In virtù del loop di cui sopra, nel mio immaginario l’emergente sarà tale per sempre, obbligato in questo perenne tentativo ascensionale da uno spietato, quanto affascinante, maleficio grammaticale.
Avete mai sentito parlare, infatti, di uno scrittore “emerso”, la cui azione, cioè, è riuscita a frantumare le barriere dell’eterno presente per guadagnarsi un rassicurante e meritato participio passato? Ovviamente no. Lo scrittore può essere “pubblicato”, “conosciuto” o addirittura “noto”, ma non passerà mai dallo stato di emergente a quello di emerso. Emergono i fatti nuovi, i problemi o i continenti, gli scrittori mai.
Ora attenzione, perché queste che possono sembrare soltanto leziose argomentazioni grammaticali, hanno invece una più che pregnante valenza reale. Lo scrittore è il mostro costantemente condannato all’atto dell’emergere. Sappiatelo, voi che vi accingete a scrivere nella speranza che, una volta pubblicati (una volta emersi), potrete raggiungere le sponde della palude e camminare finalmente spediti, senza più alghe e fanghiglia avvinghiate ai polpacci. Non è così.
Non è così per la stragrande maggioranza di noi. Si può pubblicare un libro di successo, si può essere invitati all’unica trasmissione di prima serata che in Italia si occupa di libri, si può anche stazionare per qualche settimana nella classifica dei dieci libri più venduti (tutte cose che, insperatamente, a me sono successe), ma tutto questo non vi strapperà mai via dalla palude.

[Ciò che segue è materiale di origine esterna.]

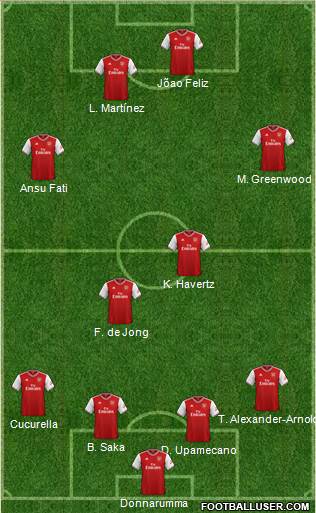 Arsenal Formation 2020
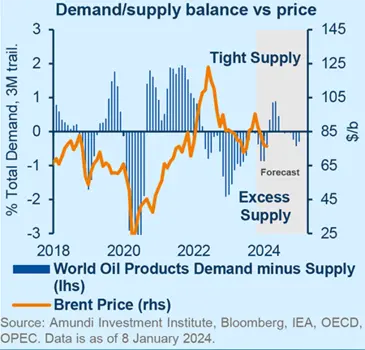 Demand/supply balance vs price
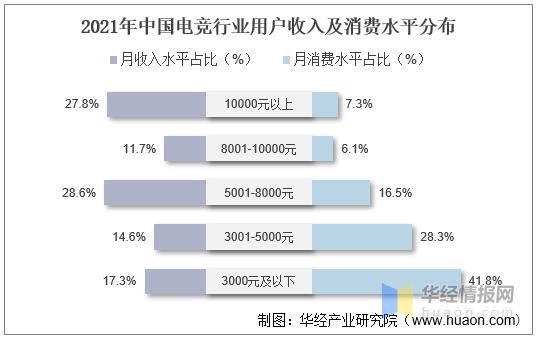 中国手游市场报告,手机游戏行业分析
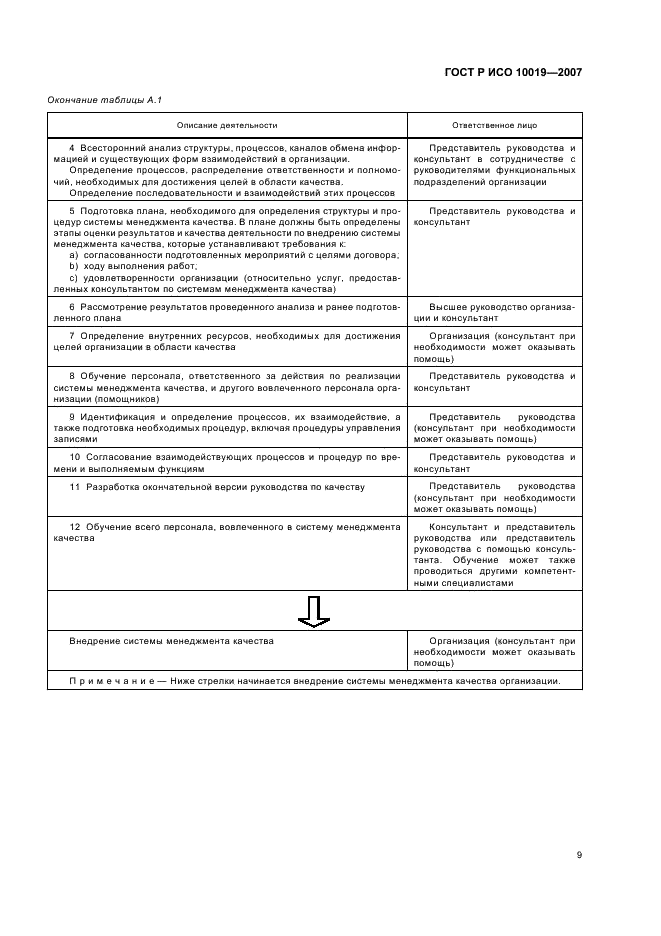 ГОСТ Р ИСО 10019-2007 Менеджмент организации. Руководство по выбору консультантов по системам менеджмента качества и использованию их услуг (фото 13 из 19)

Sapete perché? Perché ogni volta che inizierete a scrivere un nuovo libro sarete di nuovo costretti a immergervi nella melma fino alla punta dei capelli. Dovrete andare giù, sommersi da dubbi tipo “e se questo libro non fosse all’altezza del precedente? E se l’editore me lo rifiuta? E se invece di scrivere questa storia scrivevo l’altra che avevo in mente? E se non riesco ad arrivare alla fine? E se non sono un vero scrittore?”. E giù, di gorgoglio in gorgoglio, fino a quando, in una notte di luna, ri-emergenti dallo stagno argenteo, vi staglierete contro le sagome spettrali degli alberi col vostro nuovo manoscritto in mano.
Questo volevo dirvi, scrittori in cerca di pubblicazione, preparatevi alla vostra nuova condizione di instancabili mostri perennemente emergenti. Sappiate, però, che la laguna, quando starete lì con i gufi, le lucciole e con i vostri pensieri che, come bruma sull’acqua, scivoleranno veloci sul foglio, è il posto più bello del mondo.